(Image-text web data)
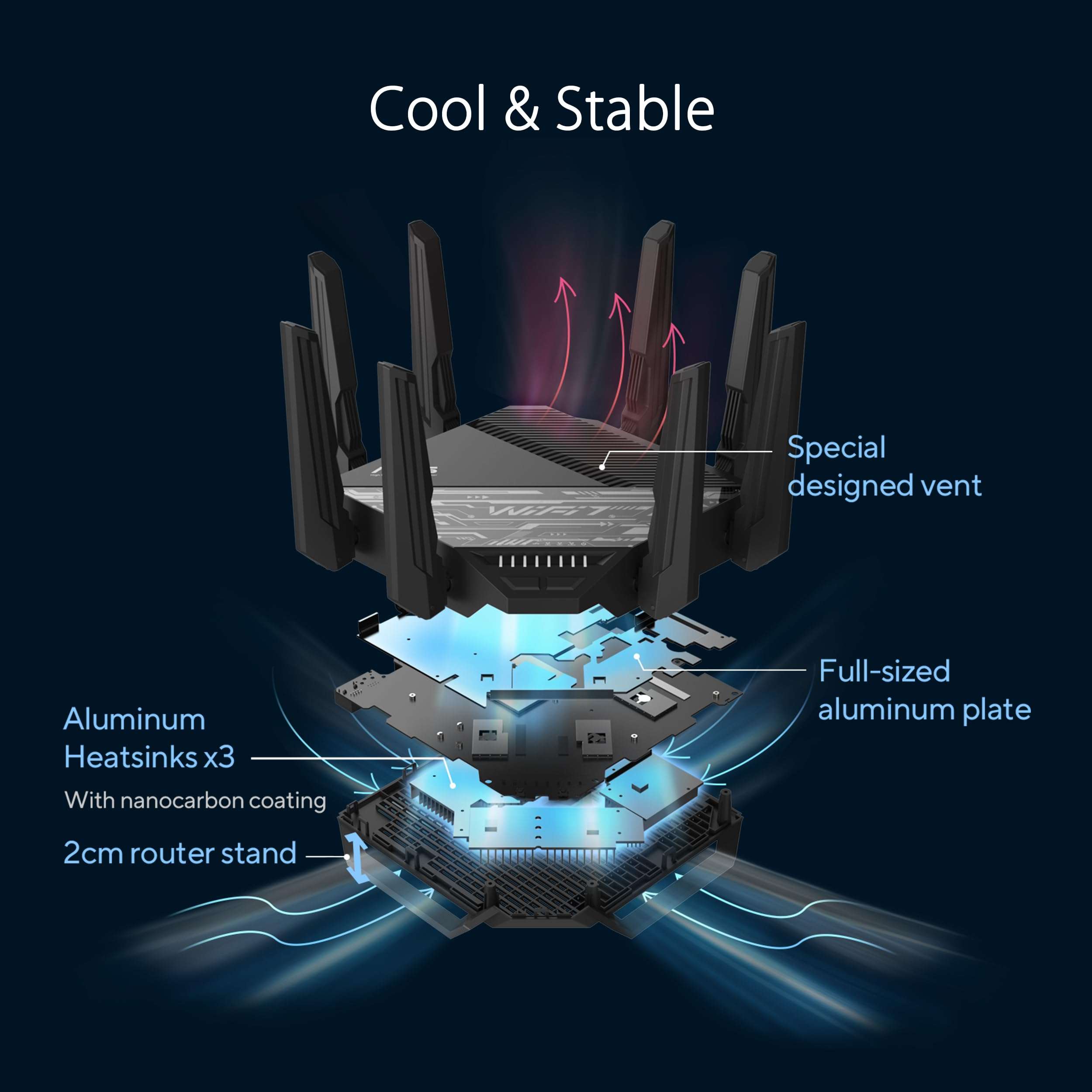 ASUS RT-BE96U BE19000 802.11BE Tri-Band Performance WiFi 7 Extendable Router with 6GHz support, Dual 10G Port, 320Mhz, lifetime internet security , MLO, Multi-RU puncturing , AiMesh Support - Image 6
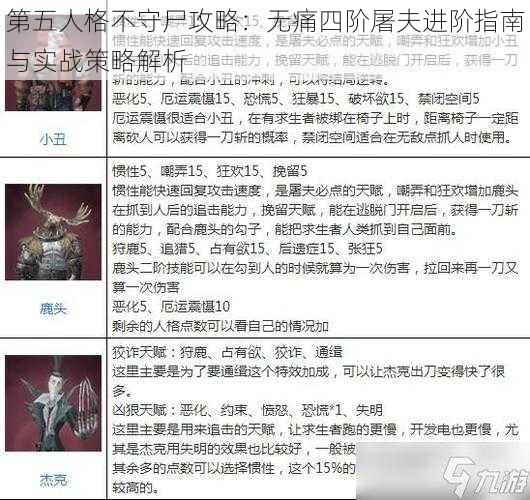 第五人格不守尸攻略：无痛四阶屠夫进阶指南与实战策略解析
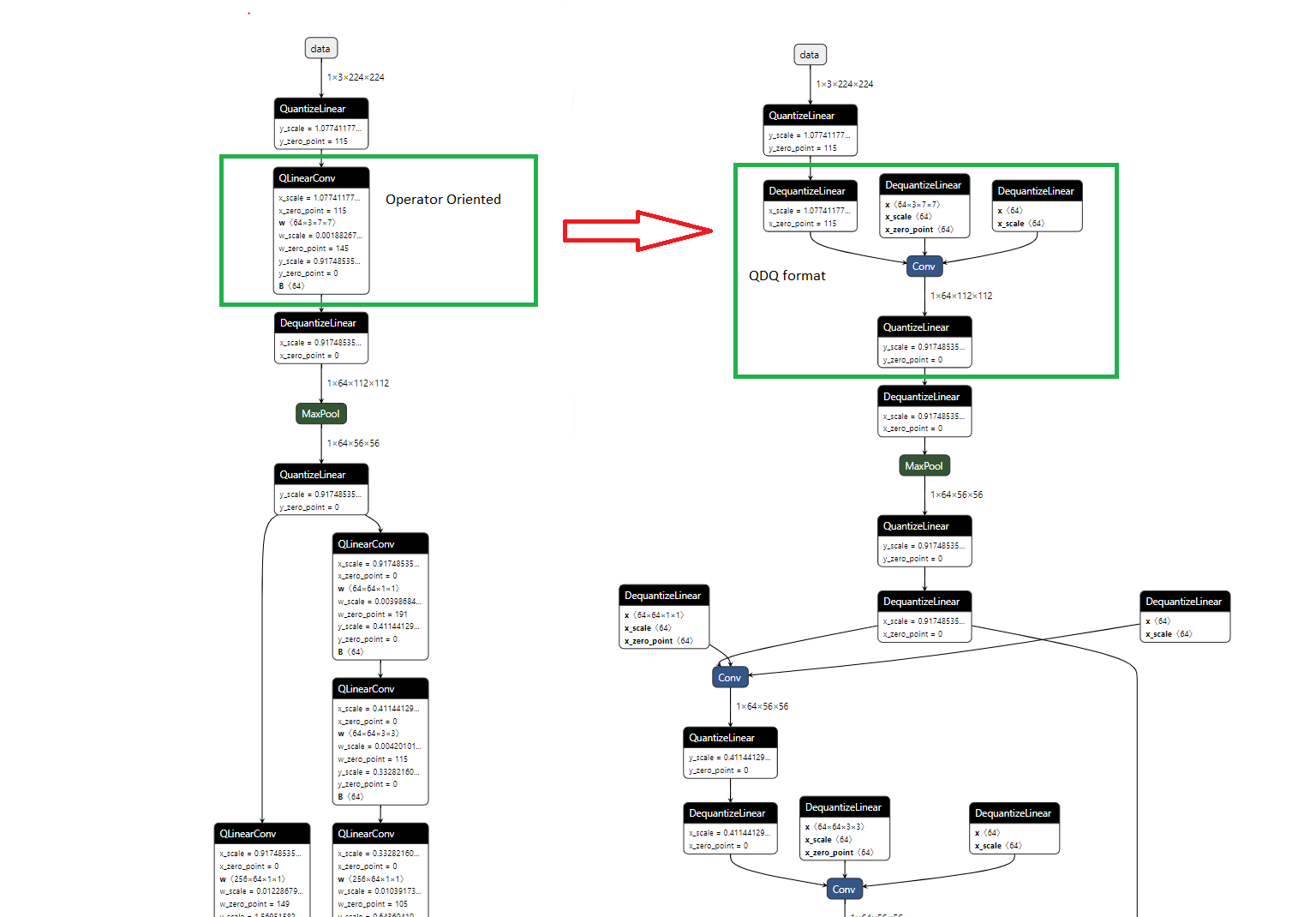 ERROR] Network has dynamic or shape inputs, but no optimization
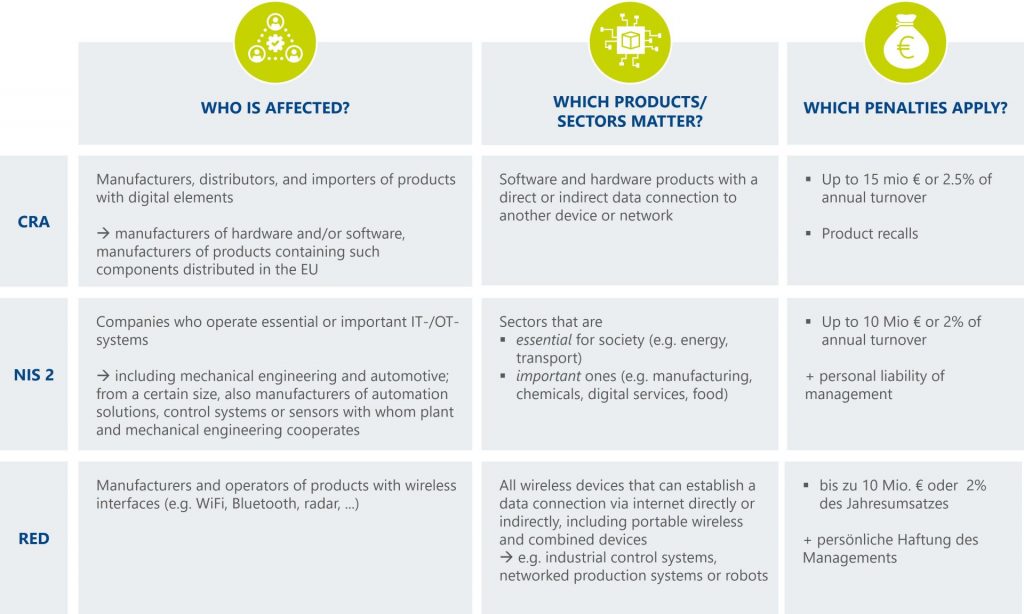 Industrial cyber security service & solutions I ITK Engineering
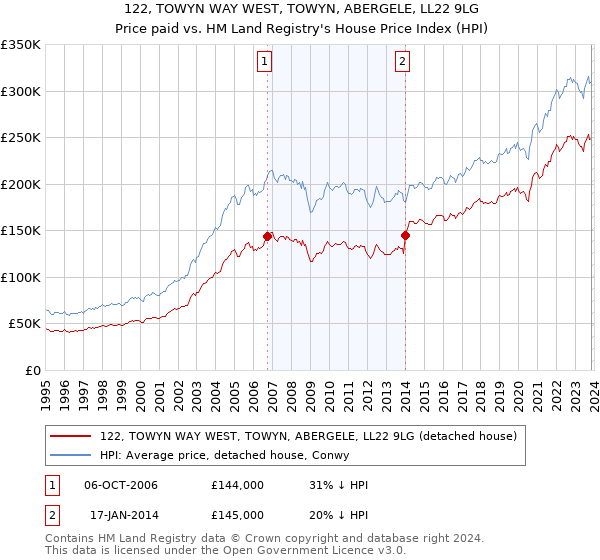 122, TOWYN WAY WEST, TOWYN, ABERGELE, LL22 9LG: Price paid vs HM Land Registry's House Price Index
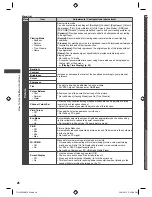 Предварительный просмотр 26 страницы Panasonic Viera TH-L32X50M Operating Instructions Manual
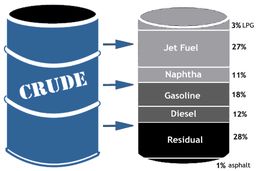 نفتا با تکیه‌بر سیر صعودی نفت خام به بیشترین میزان خود در 4 ماه اخیر رسید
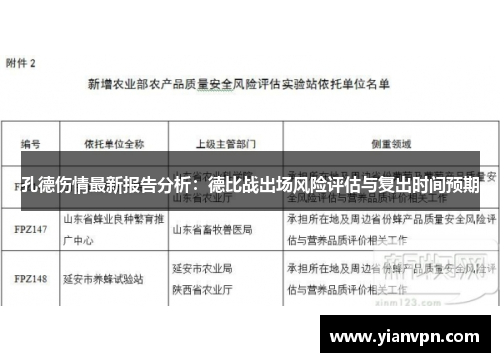 孔德伤情最新报告分析：德比战出场风险评估与复出时间预期
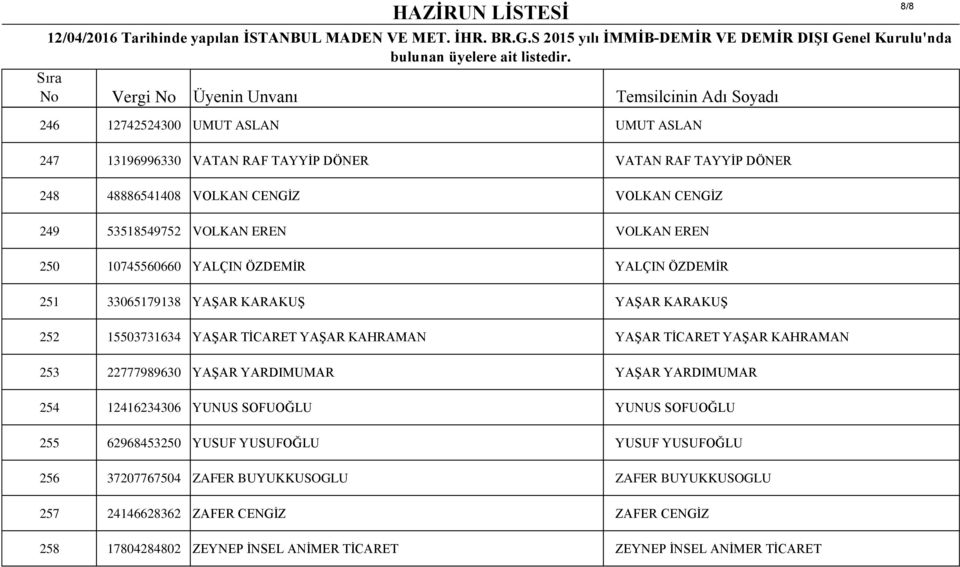 TİCARET YAŞAR KAHRAMAN 253 22777989630 YAŞAR YARDIMUMAR YAŞAR YARDIMUMAR 254 12416234306 YUNUS SOFUOĞLU YUNUS SOFUOĞLU 255 62968453250 YUSUF YUSUFOĞLU YUSUF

WHAT TO WORK ON: Reproduce every record word for word. The copy must contain no pictures.

RESPONSE AREA:
 ASUS RT-BE96U BE19000 802.11BE Tri-Band Performance WiFi 7 Extendable Router with 6GHz support, Dual 10G Port, 320Mhz, lifetime internet security , MLO, Multi-RU puncturing , AiMesh Support - Image 6
 第五人格不守尸攻略：无痛四阶屠夫进阶指南与实战策略解析
 ERROR] Network has dynamic or shape inputs, but no optimization
 Industrial cyber security service & solutions I ITK Engineering
 122, TOWYN WAY WEST, TOWYN, ABERGELE, LL22 9LG: Price paid vs HM Land Registry's House Price Index
 Предварительный просмотр 26 страницы Panasonic Viera TH-L32X50M Operating Instructions Manual
 نفتا با تکیه‌بر سیر صعودی نفت خام به بیشترین میزان خود در 4 ماه اخیر رسید
 孔德伤情最新报告分析：德比战出场风险评估与复出时间预期
 TİCARET YAŞAR KAHRAMAN 253 22777989630 YAŞAR YARDIMUMAR YAŞAR YARDIMUMAR 254 12416234306 YUNUS SOFUOĞLU YUNUS SOFUOĞLU 255 62968453250 YUSUF YUSUFOĞLU YUSUF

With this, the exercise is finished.